American fighting men and women, already sidetracked from their military role into that of traffic cops and utility workers, don't need their commander in chief taunting the enemy to continue its growing deadly attacks.
Military personnel - 156,000 U.S. troops remain in Iraq - continue to die steadily, picked off by snipers, ambushed by grenade attacks, and in noncombat accidents. Since Mr. Bush declared on May 1 that “major combat” was over, 69 Americans have died, one-third of them in fighting.
It is understandable that Mr. Bush would want to express confidence in his forces and let the enemy know that the United States will finish its job in Iraq, but it is unwise for the President to be daring the insurgents to make targets of our troops. Unbelievably, Gen. Tommy Franks also picked up the charge. He should know better, too.

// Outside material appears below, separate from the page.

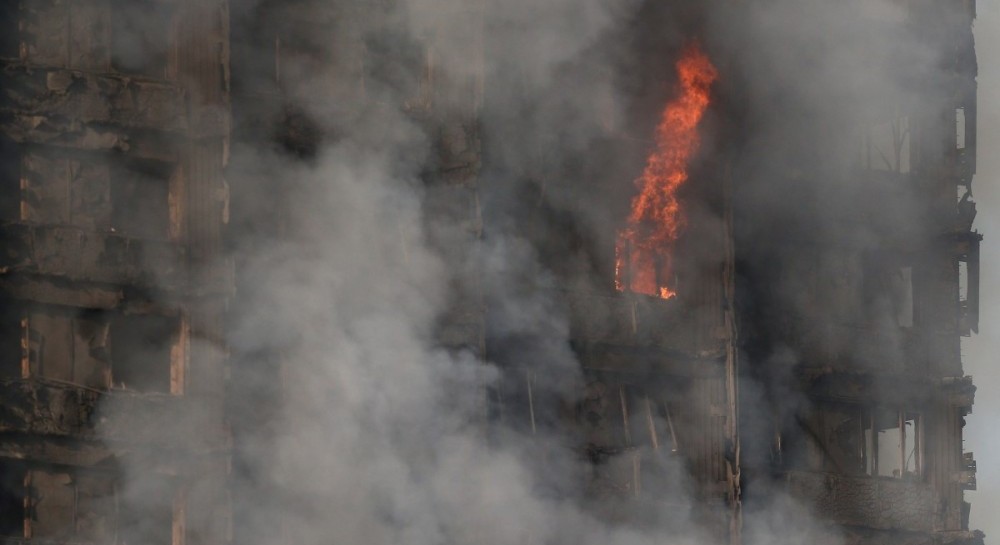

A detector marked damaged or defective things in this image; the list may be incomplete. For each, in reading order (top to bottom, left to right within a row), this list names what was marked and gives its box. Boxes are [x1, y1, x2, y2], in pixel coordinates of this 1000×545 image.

damaged window [111, 0, 172, 78]
damaged window [112, 312, 183, 394]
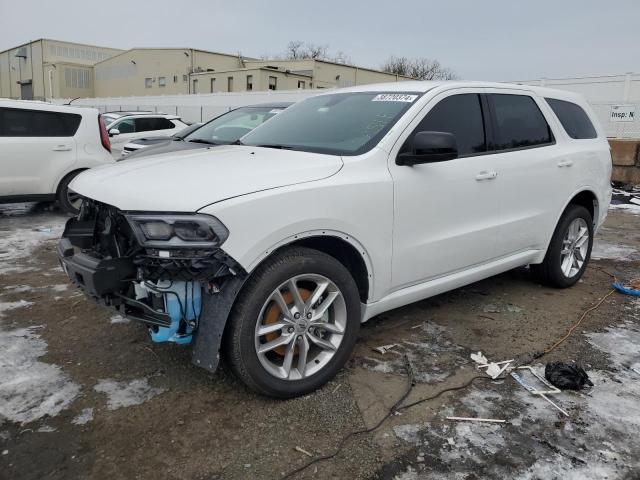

Such comments not only were undignified and downright sophomoric in tone, but they undoubtedly will prompt more Americans to question just what it is the United States hopes to accomplish in Iraq, how long it will take, and how much it will cost.
Before the March 20 invasion, Mr. Bush and other officials pledged that the war would be short and sweet, that the U.S. would oust Saddam Hussein and get out in a matter of months, not years.
Now, after complaints from fellow Republicans in Congress, the President has shifted his rhetoric. Rebuilding Iraq, he said last week will be a “massive and long-term” project.
Mr. Bush's decision to finally be more forthcoming about the scope of the Iraq mission is encouraging, although it does little to quell public cynicism about why the United States is engaged there in the first place.
Discovery of weapons of mass destruction might end the debate, and the posting of multimillion-dollar rewards for the heads of Saddam and his two evil sons might prompt some progress.
But more straight talk from the President - and less reckless bravado - will be far more helpful in the long run.